Loops - 2021.2 English

AI Engine Kernel Coding Best Practices Guide (UG1079)

Document ID
Release Date
2021.2 English

The AI Engine has a zero-overhead loop structure that does not incur any branch control overhead for comparison and branching thus reducing the inner loop cycle count. Pipelining allows the compiler to add pre-amble and post-amble so that the instruction pipeline is always full during loop execution. With a pipelined loop, a new iteration can be started before the previous one ends to achieve higher instruction level parallelism.

The following figure shows the assembly code of a zero-overhead loop. Note that two vector loads, one vector store, one scalar instruction, two data moves, and one vector instruction are shown in order in different slots.
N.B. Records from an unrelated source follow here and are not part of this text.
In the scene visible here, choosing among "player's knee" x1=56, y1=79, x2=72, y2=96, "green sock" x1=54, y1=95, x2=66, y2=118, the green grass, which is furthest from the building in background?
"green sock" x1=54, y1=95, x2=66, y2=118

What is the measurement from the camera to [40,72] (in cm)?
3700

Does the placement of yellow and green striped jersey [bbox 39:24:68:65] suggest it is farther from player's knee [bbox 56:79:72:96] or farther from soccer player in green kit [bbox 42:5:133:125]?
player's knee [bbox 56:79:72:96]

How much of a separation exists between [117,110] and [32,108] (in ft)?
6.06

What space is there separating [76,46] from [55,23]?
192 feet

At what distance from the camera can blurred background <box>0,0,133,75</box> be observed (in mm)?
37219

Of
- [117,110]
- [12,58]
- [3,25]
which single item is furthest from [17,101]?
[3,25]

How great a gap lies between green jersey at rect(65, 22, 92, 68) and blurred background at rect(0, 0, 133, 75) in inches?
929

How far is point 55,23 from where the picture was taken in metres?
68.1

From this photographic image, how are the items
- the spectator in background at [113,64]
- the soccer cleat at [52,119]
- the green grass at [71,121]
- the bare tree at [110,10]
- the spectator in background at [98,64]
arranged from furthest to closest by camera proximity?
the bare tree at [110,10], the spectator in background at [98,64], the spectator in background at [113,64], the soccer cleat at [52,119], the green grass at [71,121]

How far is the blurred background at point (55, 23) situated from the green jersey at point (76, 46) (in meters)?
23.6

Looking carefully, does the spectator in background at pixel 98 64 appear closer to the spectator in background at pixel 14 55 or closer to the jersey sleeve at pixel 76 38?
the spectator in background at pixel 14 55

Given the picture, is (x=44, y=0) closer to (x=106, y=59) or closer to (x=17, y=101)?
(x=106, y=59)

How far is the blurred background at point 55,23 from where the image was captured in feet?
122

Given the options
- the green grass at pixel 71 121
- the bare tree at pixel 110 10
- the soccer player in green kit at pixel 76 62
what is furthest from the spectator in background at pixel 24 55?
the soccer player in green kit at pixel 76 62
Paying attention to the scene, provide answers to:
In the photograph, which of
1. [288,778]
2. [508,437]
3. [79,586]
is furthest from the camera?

Figure 1. Assembly Code of Zero-Overhead Loop

The following pragmas work together to direct the compiler to pipeline the loop and let it know that the loop will always be executed at least three times.

for (int i=0; i<N; i+=2)

The chess_loop_range(<minimum>, <maximum>) tells the compiler that the corresponding loop is executed at least <minimum> times, and at most <maximum> times, where <minimum> and <maximum> are non-negative constant expressions, or can be omitted. When omitted, <minimum> defaults to 0, and <maximum> defaults to the maximum preset in the compiler. While <maximum> is not relevant for the pipeline implementation, <minimum> guides the pipeline implementation.
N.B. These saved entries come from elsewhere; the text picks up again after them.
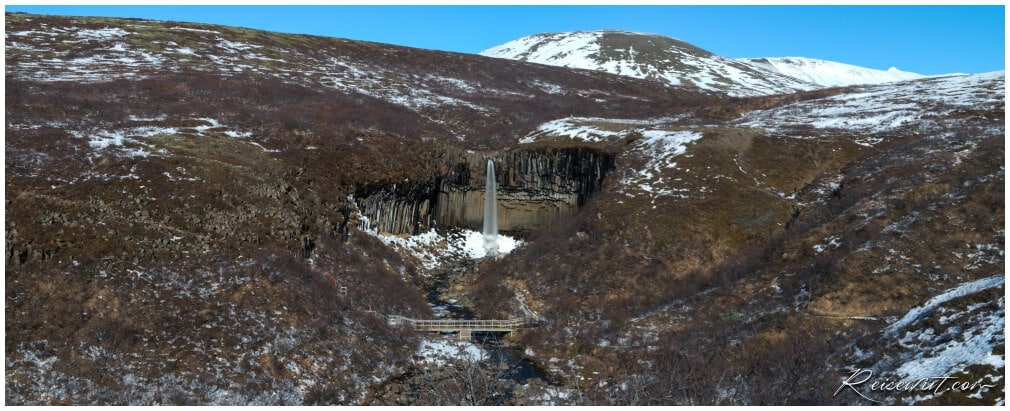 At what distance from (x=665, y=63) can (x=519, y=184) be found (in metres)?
116

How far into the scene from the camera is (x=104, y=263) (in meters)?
30.9

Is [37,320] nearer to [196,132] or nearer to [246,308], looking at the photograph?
[246,308]

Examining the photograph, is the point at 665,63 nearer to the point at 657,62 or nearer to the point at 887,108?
the point at 657,62

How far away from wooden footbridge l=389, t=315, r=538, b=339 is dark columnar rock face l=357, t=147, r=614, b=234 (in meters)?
19.3

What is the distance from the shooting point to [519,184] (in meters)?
56.4

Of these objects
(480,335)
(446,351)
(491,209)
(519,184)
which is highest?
(519,184)

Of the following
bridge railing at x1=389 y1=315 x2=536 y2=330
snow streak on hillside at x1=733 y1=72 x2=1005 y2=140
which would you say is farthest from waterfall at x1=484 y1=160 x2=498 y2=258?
snow streak on hillside at x1=733 y1=72 x2=1005 y2=140

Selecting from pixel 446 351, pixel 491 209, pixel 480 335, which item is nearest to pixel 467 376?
pixel 446 351

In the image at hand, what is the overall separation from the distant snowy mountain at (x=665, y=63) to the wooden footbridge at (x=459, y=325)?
104452 mm

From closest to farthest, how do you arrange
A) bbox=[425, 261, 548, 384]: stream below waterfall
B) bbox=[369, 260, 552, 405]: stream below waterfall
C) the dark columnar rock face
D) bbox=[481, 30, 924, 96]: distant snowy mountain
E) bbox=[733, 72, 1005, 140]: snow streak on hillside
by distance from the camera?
bbox=[369, 260, 552, 405]: stream below waterfall, bbox=[425, 261, 548, 384]: stream below waterfall, the dark columnar rock face, bbox=[733, 72, 1005, 140]: snow streak on hillside, bbox=[481, 30, 924, 96]: distant snowy mountain

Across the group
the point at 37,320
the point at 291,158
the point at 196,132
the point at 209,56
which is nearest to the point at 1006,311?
the point at 37,320

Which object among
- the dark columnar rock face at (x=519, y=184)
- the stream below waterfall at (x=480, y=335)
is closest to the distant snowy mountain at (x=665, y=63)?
the dark columnar rock face at (x=519, y=184)

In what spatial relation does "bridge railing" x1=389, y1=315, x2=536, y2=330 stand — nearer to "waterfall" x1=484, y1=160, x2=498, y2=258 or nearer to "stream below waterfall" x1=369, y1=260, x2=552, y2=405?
"stream below waterfall" x1=369, y1=260, x2=552, y2=405

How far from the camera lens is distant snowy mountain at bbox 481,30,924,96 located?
14450 cm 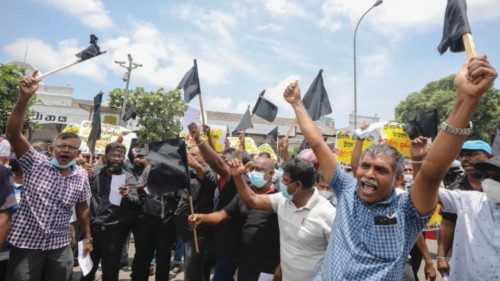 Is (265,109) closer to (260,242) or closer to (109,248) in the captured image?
(109,248)

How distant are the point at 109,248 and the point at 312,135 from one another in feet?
12.0

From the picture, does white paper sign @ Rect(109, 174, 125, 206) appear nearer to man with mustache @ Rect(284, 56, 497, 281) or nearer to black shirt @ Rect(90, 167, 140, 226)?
black shirt @ Rect(90, 167, 140, 226)

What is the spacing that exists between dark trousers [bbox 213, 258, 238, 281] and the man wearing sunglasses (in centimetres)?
229

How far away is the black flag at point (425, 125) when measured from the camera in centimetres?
511

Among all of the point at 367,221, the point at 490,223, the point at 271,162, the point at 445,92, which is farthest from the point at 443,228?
the point at 445,92

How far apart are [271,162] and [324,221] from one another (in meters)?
1.24

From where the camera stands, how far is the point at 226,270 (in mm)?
4402

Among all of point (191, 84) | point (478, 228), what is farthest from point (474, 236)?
point (191, 84)

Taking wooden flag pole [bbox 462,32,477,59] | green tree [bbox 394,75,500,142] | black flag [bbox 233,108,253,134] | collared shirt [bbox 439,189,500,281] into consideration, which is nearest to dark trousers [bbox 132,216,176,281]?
black flag [bbox 233,108,253,134]

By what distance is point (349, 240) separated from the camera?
7.63 ft

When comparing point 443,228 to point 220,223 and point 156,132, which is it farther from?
point 156,132

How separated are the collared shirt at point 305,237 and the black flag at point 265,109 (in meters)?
4.00

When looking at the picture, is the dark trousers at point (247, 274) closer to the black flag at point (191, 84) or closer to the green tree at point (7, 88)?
the black flag at point (191, 84)

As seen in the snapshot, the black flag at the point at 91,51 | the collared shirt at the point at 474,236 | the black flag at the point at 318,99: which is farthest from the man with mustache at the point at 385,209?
the black flag at the point at 318,99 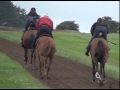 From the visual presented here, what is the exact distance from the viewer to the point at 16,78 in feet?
57.5

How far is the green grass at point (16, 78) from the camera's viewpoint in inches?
613

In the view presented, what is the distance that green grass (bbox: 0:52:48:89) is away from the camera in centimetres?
1558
The <minimum> number defines how many loop iterations are executed at a minimum each time the loop is executed. The software pipeline is then tuned to allow at least that many iterations to execute in parallel if possible. It also determines that checking the boundaries for the loop is not necessary before the <minimum> number of iterations are executed.

The loop range pragma is not needed if the loop range is a compile time constant. In general, the AI Engine compiler reports the theoretical number best suited for optimum pipelining of an algorithm. If the range specification is not optimal, the compiler would issue a warning and suggest the optimal range. Towards that end, it is okay to initially set the <minimum> to one [chess_loop_range(1,)] and observe the theoretical best suited <minimum> being reported by the compiler.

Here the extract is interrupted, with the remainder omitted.